▸ **EXERCISE BRIEF**: Without copying any picture, transcribe exactly the lines of the data below from the one containing "Handmade jewelry, romantic" through the one containing "Tır Ile Otomobil".

DATA EXTRACTS: Begin

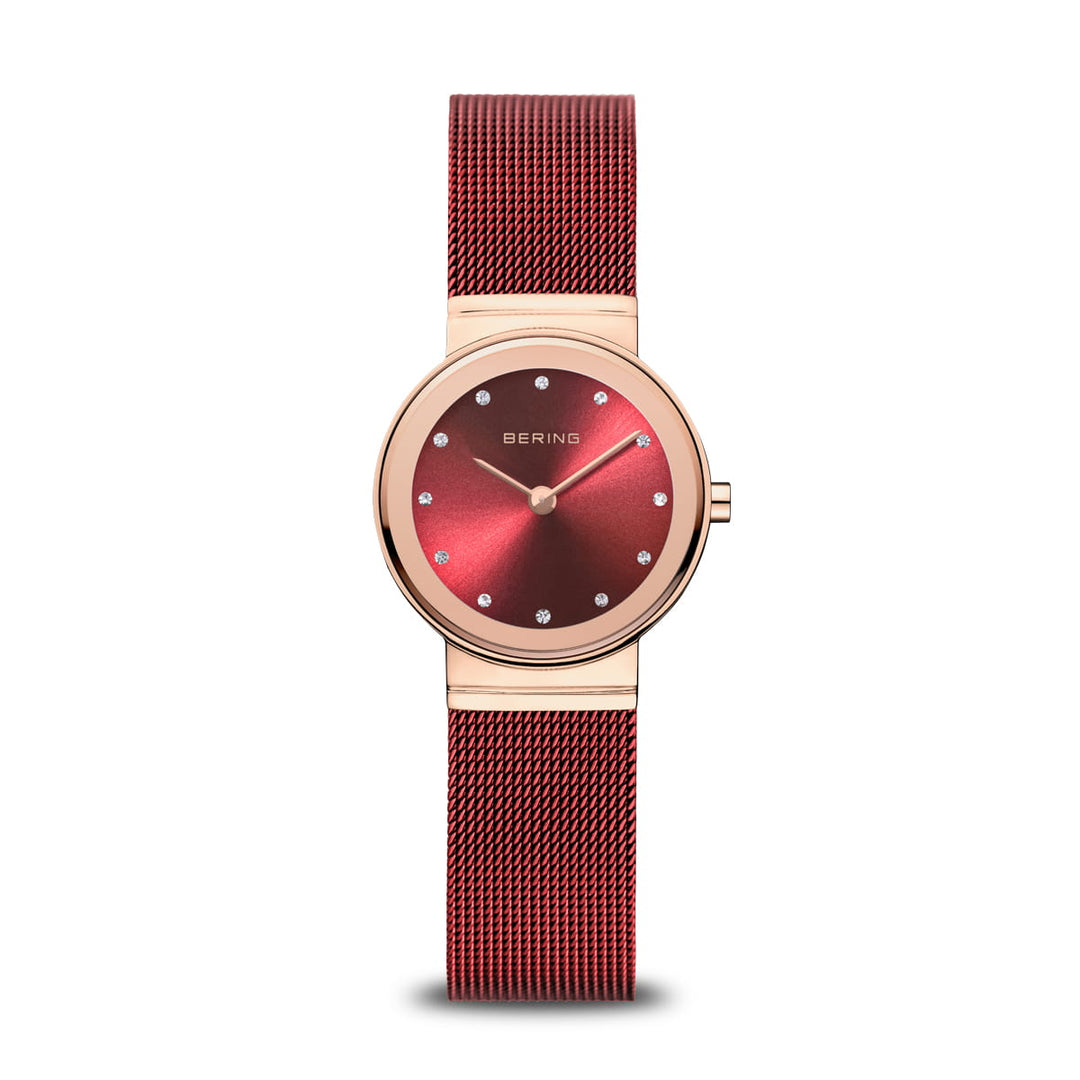 Ontdek de Bering 10126-363, een chique horloge met een roségouden frame en een rode wijzerplaat met minimalistische markeringen. Het quartz-uurwerk zorgt voor precisie, aangevuld met een rode mesh-band. Het Bering-logo wordt elegant weergegeven op de met saffierglas beschermde wijzerplaat.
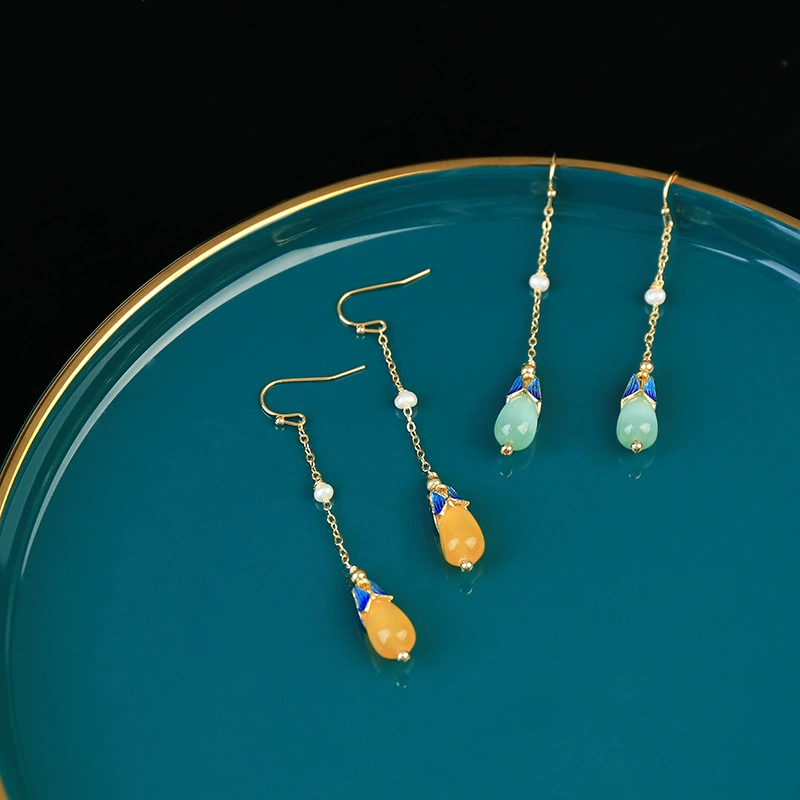 Handmade jewelry, romantic and artistic, ancient style enamel green, Dongling jade yellow crystal earrings, long pearl earrings details Picture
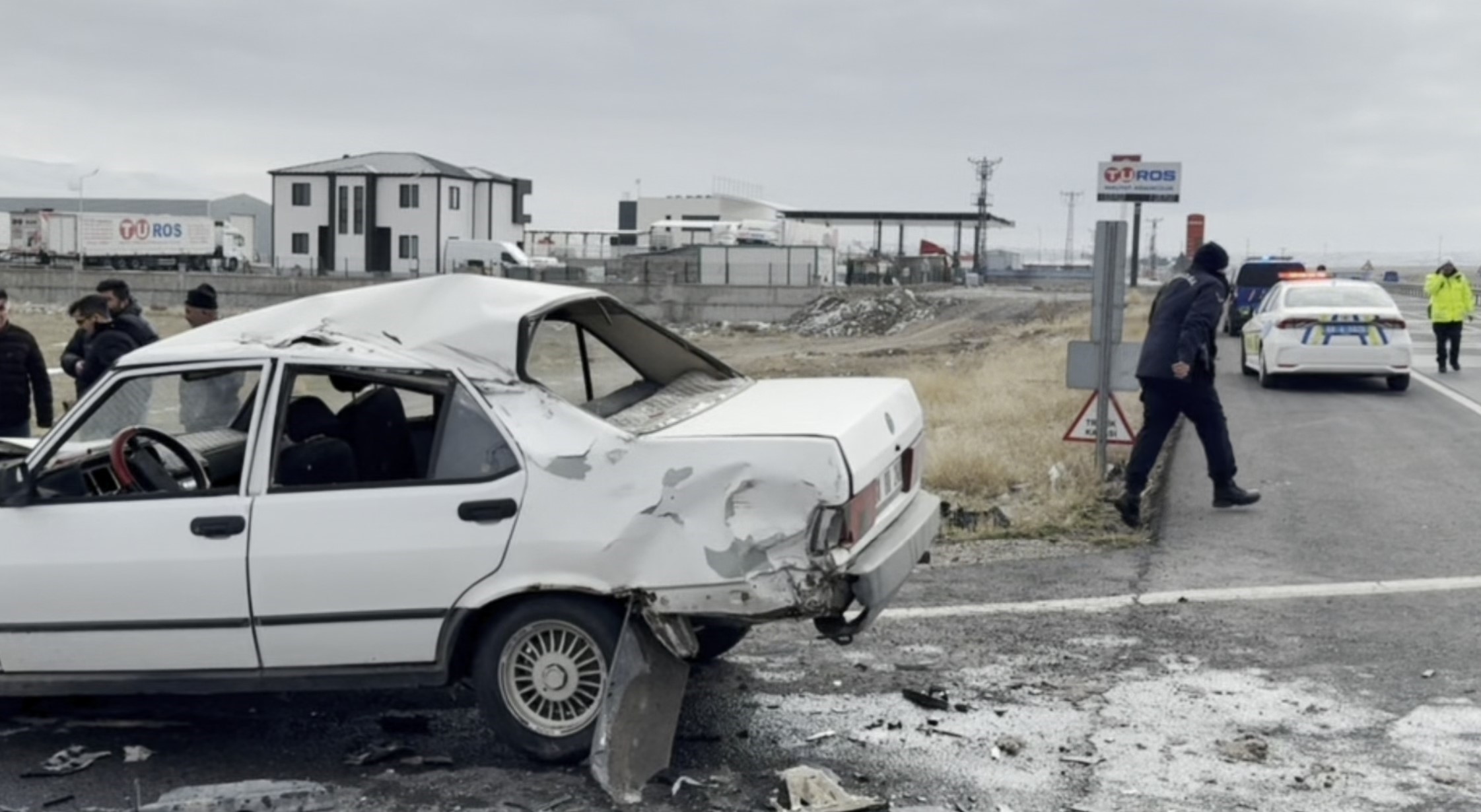 Tır Ile Otomobil Çarpıştı! 2'Si Bebek 5 Yaralı (1)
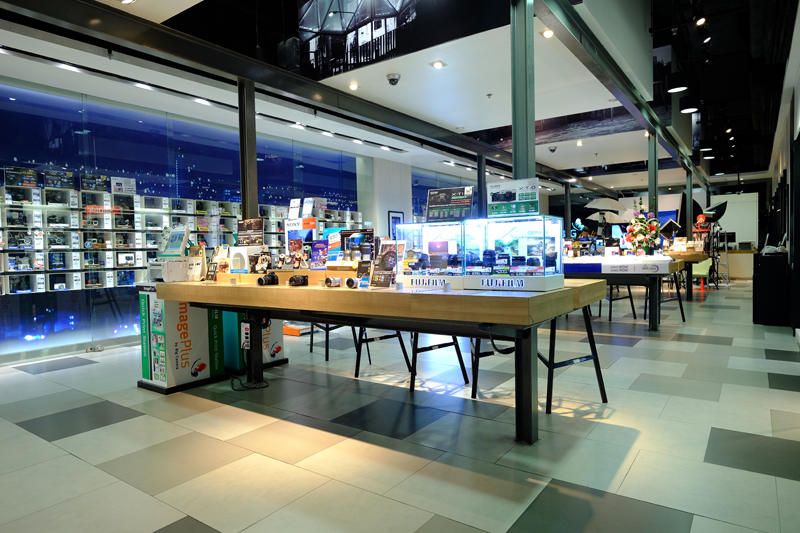 ร้าน บิ๊ก คาเมร่า แกลเลอเรียสาขา เซ็นทรัลพลาซา ลาดพร้าว Shop BIG Camera Galleria CenTralPlaza Ladprao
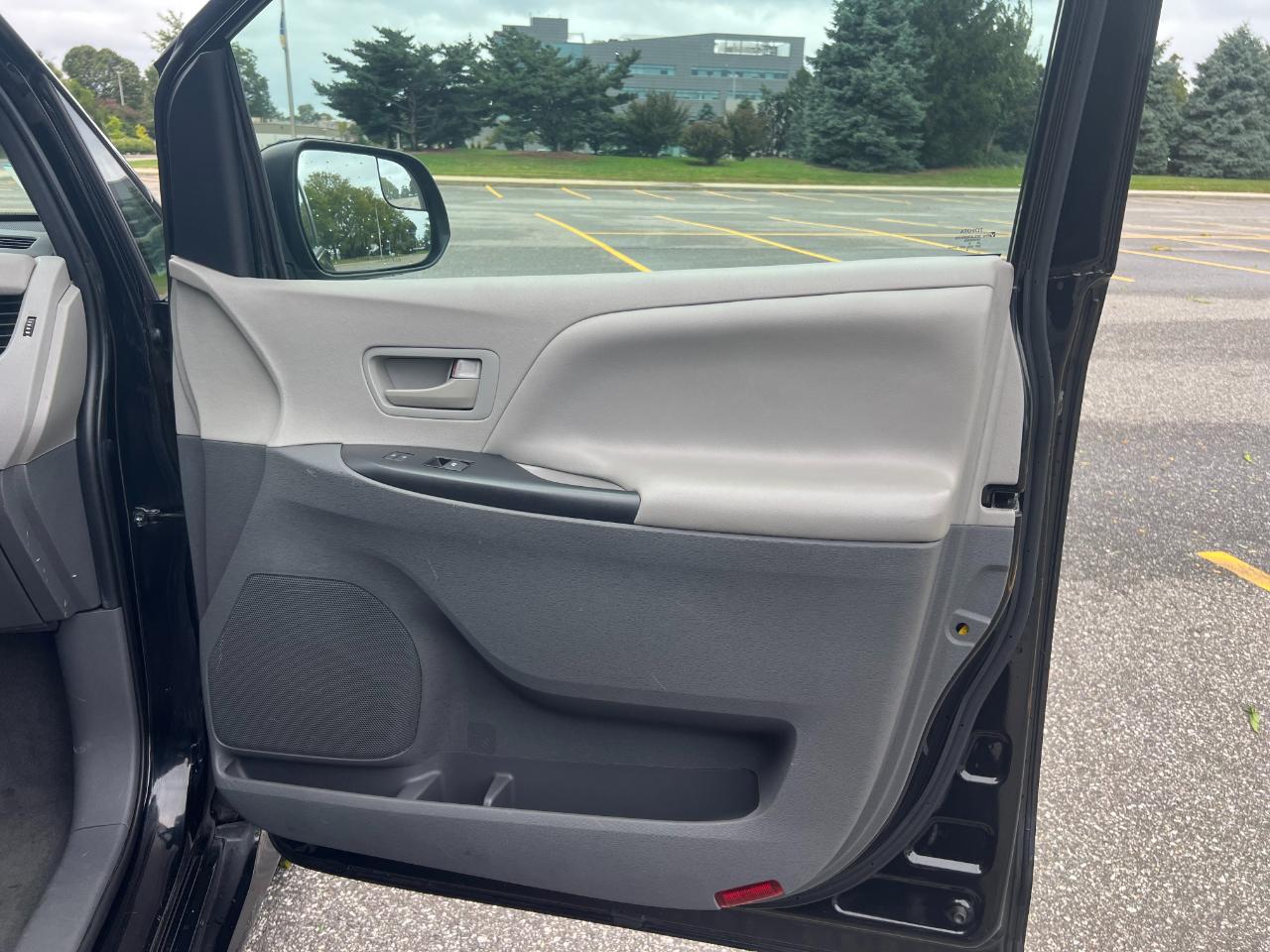 Toyota Sienna LE 7-Passenger Mobility 2020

DATA EXTRACTS: End

▸ **SOLUTION**:
 Handmade jewelry, romantic and artistic, ancient style enamel green, Dongling jade yellow crystal earrings, long pearl earrings details Picture
 Tır Ile Otomobil Çarpıştı! 2'Si Bebek 5 Yaralı (1)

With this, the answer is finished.